|
Open Source Toolkit For Speech Recognition Project by Carnegie Mellon University |
An expensive part of the decoder is collecting up the set of successor tokens to be scored for the next frame. The idea here with this optimization is to periodically skip the growing code. Instead rescore the current set of active tokens with the next frame. Depending on how often the 'grow' portion is skipped, will determine the improvement in speed.

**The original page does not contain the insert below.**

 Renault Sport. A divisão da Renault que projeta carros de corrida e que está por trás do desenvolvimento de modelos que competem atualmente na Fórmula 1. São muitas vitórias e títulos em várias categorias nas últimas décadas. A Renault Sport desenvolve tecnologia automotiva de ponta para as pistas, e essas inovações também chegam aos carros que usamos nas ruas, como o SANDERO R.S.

protected boolean recognize() {
boolean more = scoreTokens(); // score emitting tokens
if (more) {
pruneBranches(); // eliminate poor branches
currentFrameNumber++;
if (growSkipInterval == 0 ||
(currentFrameNumber % growSkipInterval != 0) {
growBranches(); // extend remaining branches
}
}
return !more;
}
This code change was made to both the Simple and the WordPruning breadth first search manager.
The property in configuration file 'growSkipInterval' controls this behavior, default value is 0. Possible values to try are 6-10.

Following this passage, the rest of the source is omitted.